This was how the Puritans understood the term: denouncing the women at Salem as having been “Distract’d” into witchcraft. George III (not the most stable of men himself) was still censuring “the distracted colonies” on the brink of independence.
In American life, whenever a governmental or religious entity accused a group of distraction, the subtext was that the group (usually of women or minorities) had transgressed a norm or crossed a boundary.
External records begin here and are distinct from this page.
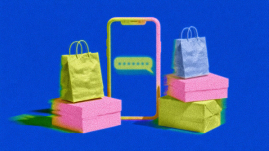 AI chatbots do your holiday shopping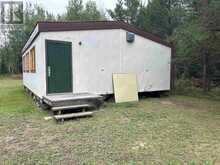 1 BEAR CAMP | Machin Ontario | Slide Image Sixteen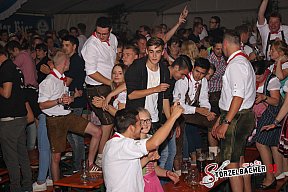 Kirchweih Unterreichenbach
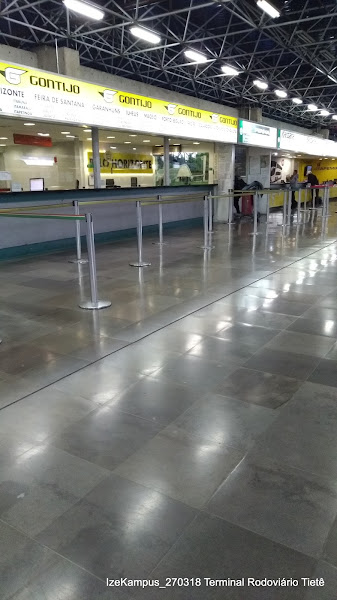 Foto 5 Empresa Gontijo de Transportes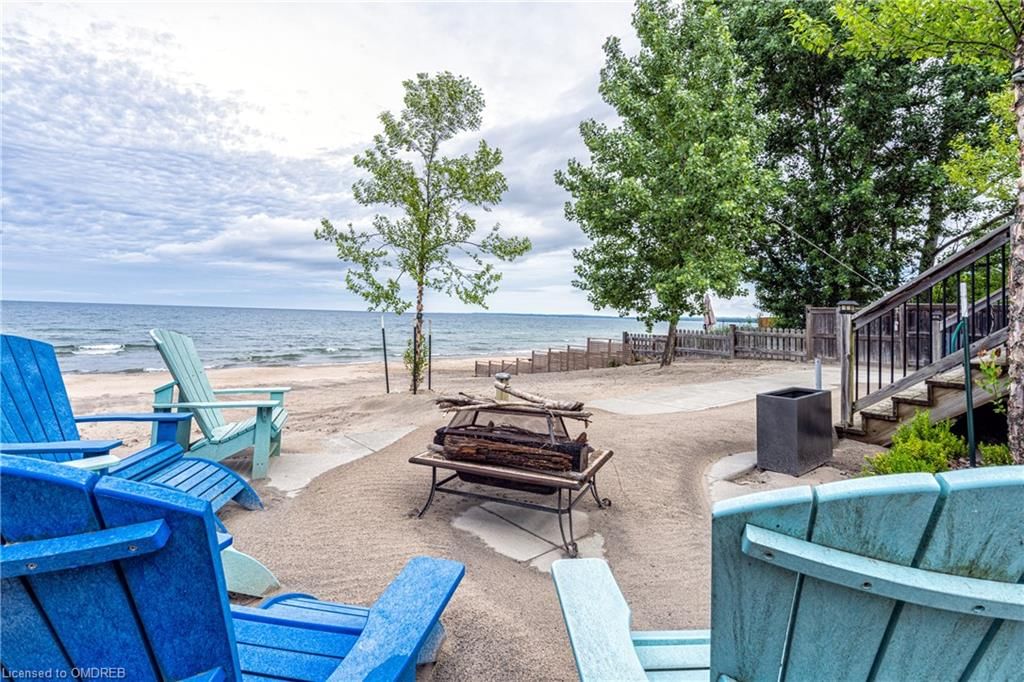 Photo 5 of 890 Tiny Beaches Road S, Tiny — HOMEH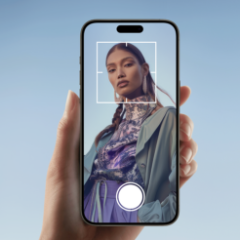 Мобильная фотография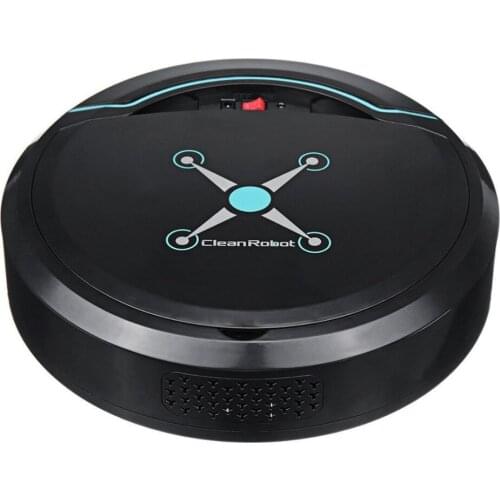 Intelligent Automatic Sweeping Robot Household USB Rechargeable Automatic Smart Robot Vacuum Cleaner Automatic Sweeping Machine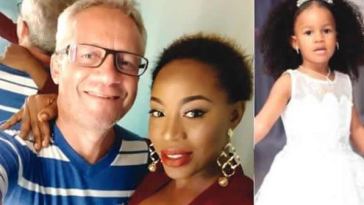 Peter Nielsen kills wife, daughter in Banana Island, Lagos
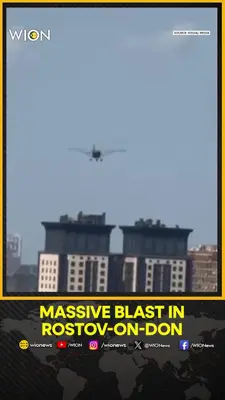 Wion News
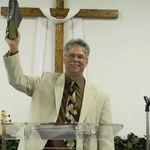 Jerry Ireland - @elkinworshipcenter - Instagram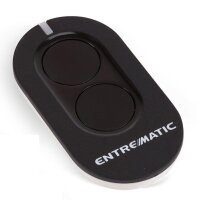 Normstahl Handsender ZEN 2-Befehl mit 868 MHz Rolling-Code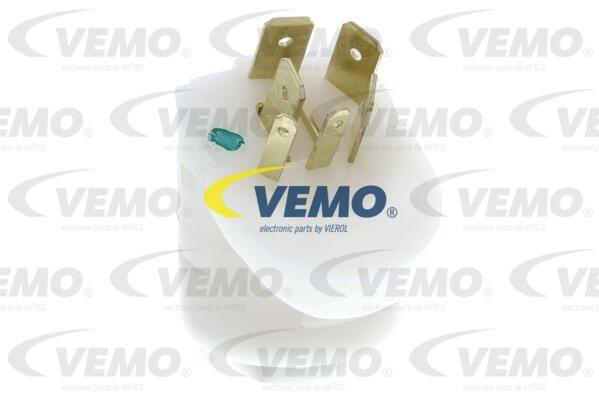 VEMO Переключатель зажигания V15-80-3215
If the members didn’t course-correct—because, again, distraction was correctible—the authorities would have to intervene to restore order.
Likewise, whenever an American politician leveled the distraction charge against the country in general, it was typically in the midst of a populist appeal to a base resistant to change: abolition, emancipation, universal suffrage.
“The distracted state of the Union” was traditional campaign rhetoric on the march toward Civil War, as antisecessionist candidates in both North and South threatened a turbulent future that would only get worse, unless Americans returned to the ways of the past, as if the past—pre-1850? pre-1812? pre-Revolution? pre-Columbian?—were this bright shining garden of sanity from which they’d fallen.
Given this history, distraction grows a great deal thornier than it’d been when it merely delineated the condition of slurping delivery noodles while streaming an Amazon show while holding a ringing phone and trying to remember who you’re calling.
The term’s past and present usages have a depressing codependency, however: They’re like two sides of the same dull blank coin.
When our media fill the air with trashy breaking updates, when our elected officials lie, what they’re doing is creating a distraction, so as to command our attention for their profit, or to steer our scrutiny away from the more dire of their crimes.
In turn, when we feel overcome by this assault, when the sheer variety of its indecency has worn us into boredom, we withdraw and distract ourselves.
And so what had once been a technique for subduing the vulnerable is still with us, but now it’s also become the technique by which we subdue our passion and intelligence and keep our vulnerabilities private and intact.
To live in America today is to sit slackjawed at a helpless recline, stuck between the external forces that seek to disempower and control us, and our own internal drives to preserve, protect, and defend our hearts and minds.
In my opinion, there has never been a better time to recall this: the democracy of our distraction.
I’m writing it down here, before I forget.